YOUR TASK:
I need the entries printed again word for word, without the images.
=-=-=-=-=
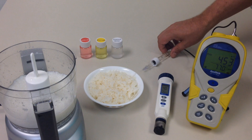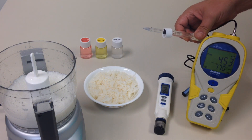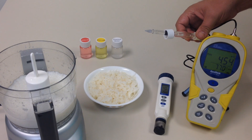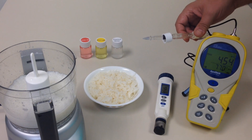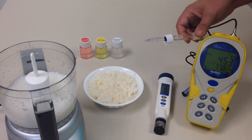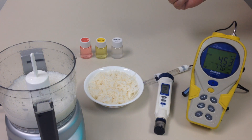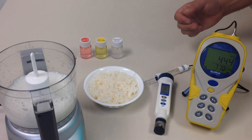With the AquaShock, we are using a spear-tip probe. The reason why we are using a spear-tip probe is because it is specifically designed to go into hard surfaces such as rice, cheese, or even meat. We have calibrated both of our meters with pH 4 and pH 7, as you can see back here, so we know that the readings we are going to be getting on our meters are accurate.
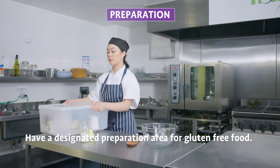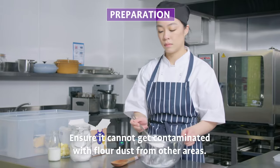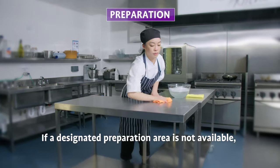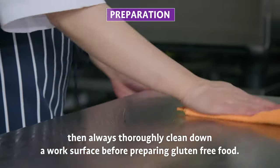Preparation area: have a designated preparation area for gluten-free food. Ensure it cannot get contaminated with flour dust from other areas. If a designated preparation area is not available, then always thoroughly clean down a work surface before preparing gluten-free food.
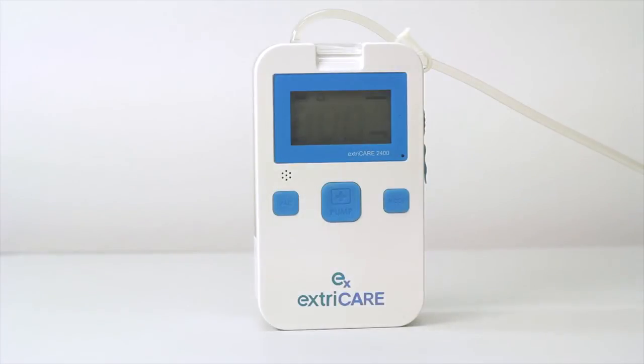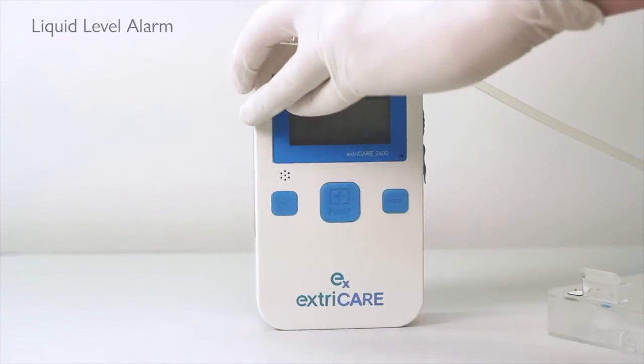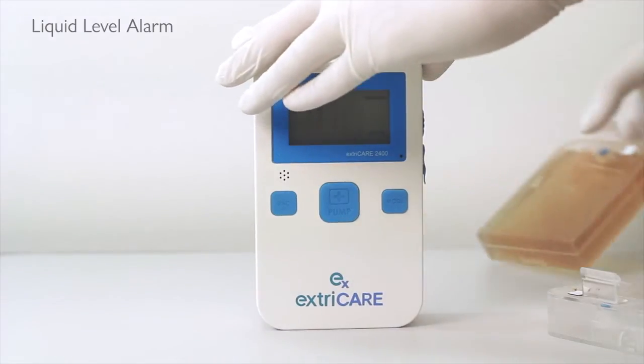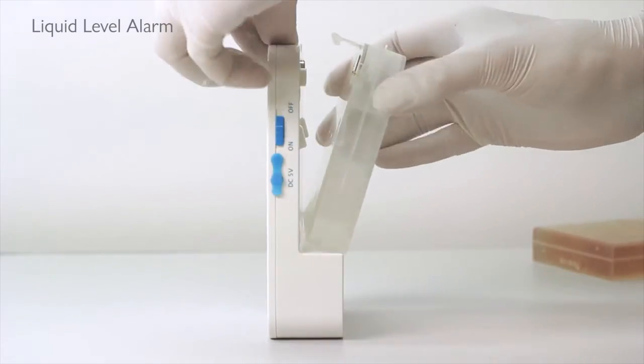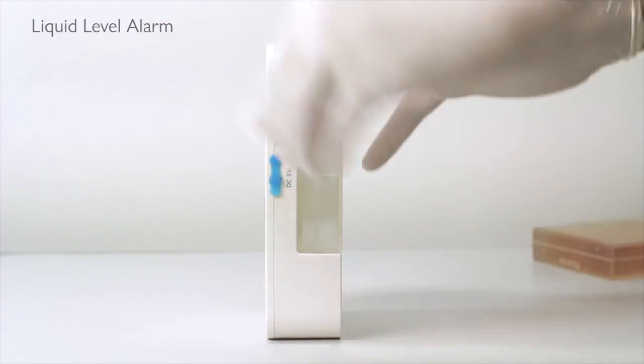When the liquid level in the canister is full, the liquid level probe will become short-circuited. The LED light will illuminate and the alarm will sound. The pump will power off immediately until the canister is changed.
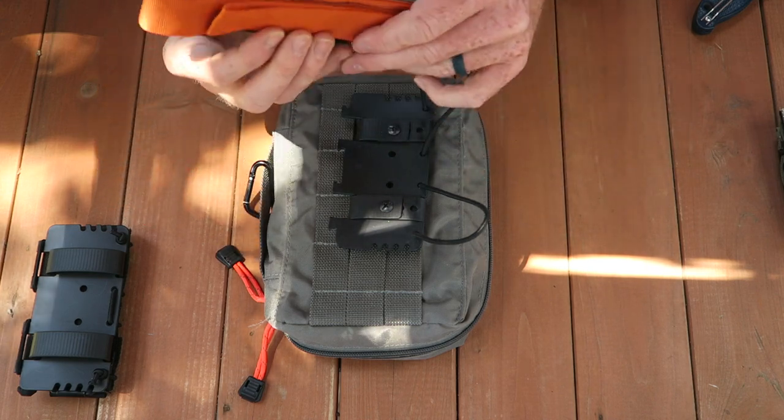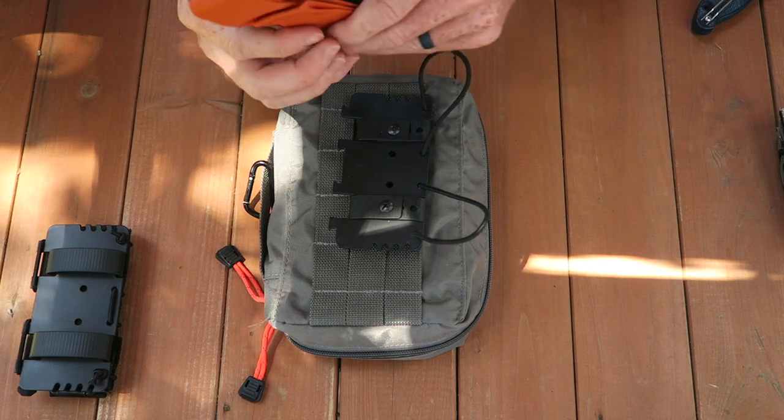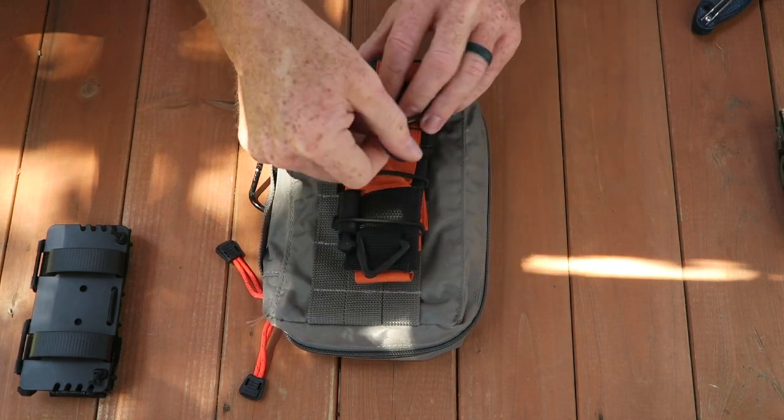I typically use this as my preferred carry method for EDC. I just attach it to my flat pack, run my belt through it, and I'm good to go.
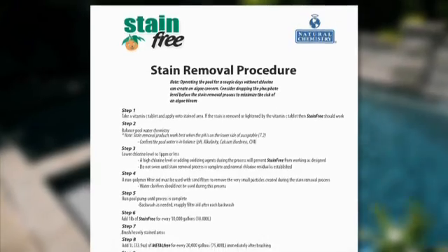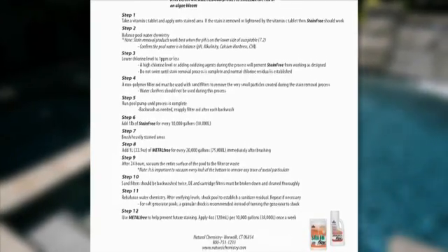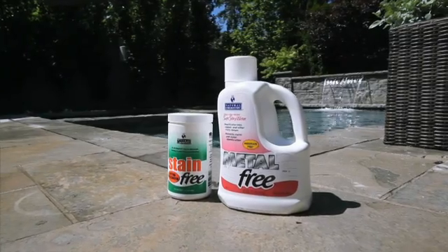So now we know we have a stain, but how do we fix it? What we want to do is use the stain removal process program that Natural Chemistry has. It's a 12-step program that utilizes two of our most efficient and effective technologies: extra strength stain free along with something called metal free, and it's going to pull the stain out and then prevent it from coming back.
=-=-=-=-=
PROBLEM SOLUTION:
With the AquaShock, we are using a spear-tip probe. The reason why we are using a spear-tip probe is because it is specifically designed to go into hard surfaces such as rice, cheese, or even meat. We have calibrated both of our meters with pH 4 and pH 7, as you can see back here, so we know that the readings we are going to be getting on our meters are accurate.
Preparation area: have a designated preparation area for gluten-free food. Ensure it cannot get contaminated with flour dust from other areas. If a designated preparation area is not available, then always thoroughly clean down a work surface before preparing gluten-free food.
When the liquid level in the canister is full, the liquid level probe will become short-circuited. The LED light will illuminate and the alarm will sound. The pump will power off immediately until the canister is changed.
I typically use this as my preferred carry method for EDC. I just attach it to my flat pack, run my belt through it, and I'm good to go.
So now we know we have a stain, but how do we fix it? What we want to do is use the stain removal process program that Natural Chemistry has. It's a 12-step program that utilizes two of our most efficient and effective technologies: extra strength stain free along with something called metal free, and it's going to pull the stain out and then prevent it from coming back.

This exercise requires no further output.